Wednesday, January 15th 2020, 3:31 pm - The ancient pines are often referred to as 'dinosaur trees.'
A group of Australian trees that pre-date the dinosaurs has survived the wildfires, thanks to unprecedented efforts by firefighters and the government.
The Wollemi pines -- which are often referred to as 'dinosaur trees' -- were believed to be extinct until 1994 when a group of 200 were found nestled in an undisclosed location in Wollemi National Park, northwest of Sydney.
Most of the park was damaged by the fire, but as the flames approached firefighters were dropped into the location by helicopter, where they deployed sprinklers. Water was also dropped from above by airplane.
Their efforts paid off: According to Reuters, the plants survived with only a bit of charring.
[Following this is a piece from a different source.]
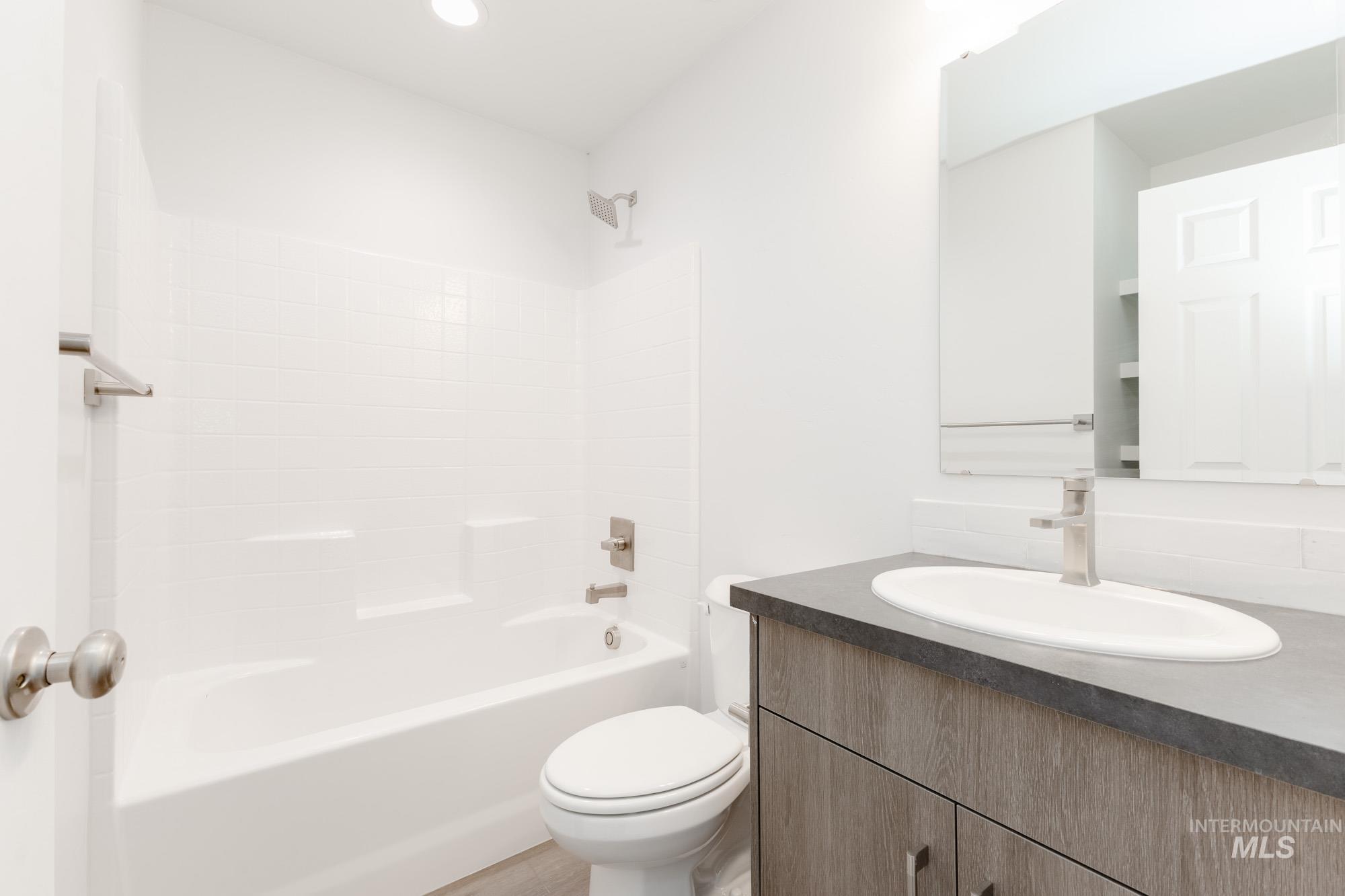 Full bath featuring vanity and shower / bathtub combination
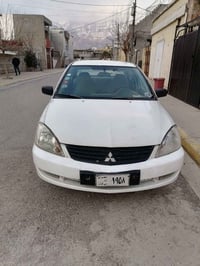 لانسر ٢٠٠٧ • اوتوماتيك • تاير جديد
"Wollemi National Park is the only place in the world where these trees are found in the wild and, with less than 200 left, we knew we needed to do everything we could to save them," Environment Minister Matt Kean said via ABC Australia.
RAIN ON THE WAY
Rain is headed to New South Wales, with upwards of 80 mm expected in some places, according to ABC Australia. While the moisture will help with fire relief efforts, the rain elevates the risk for landslides and flash floods, because charred land is less water absorbent and the fires contributed to a loss of vegetation that helps absorb and stop rainfall and debris.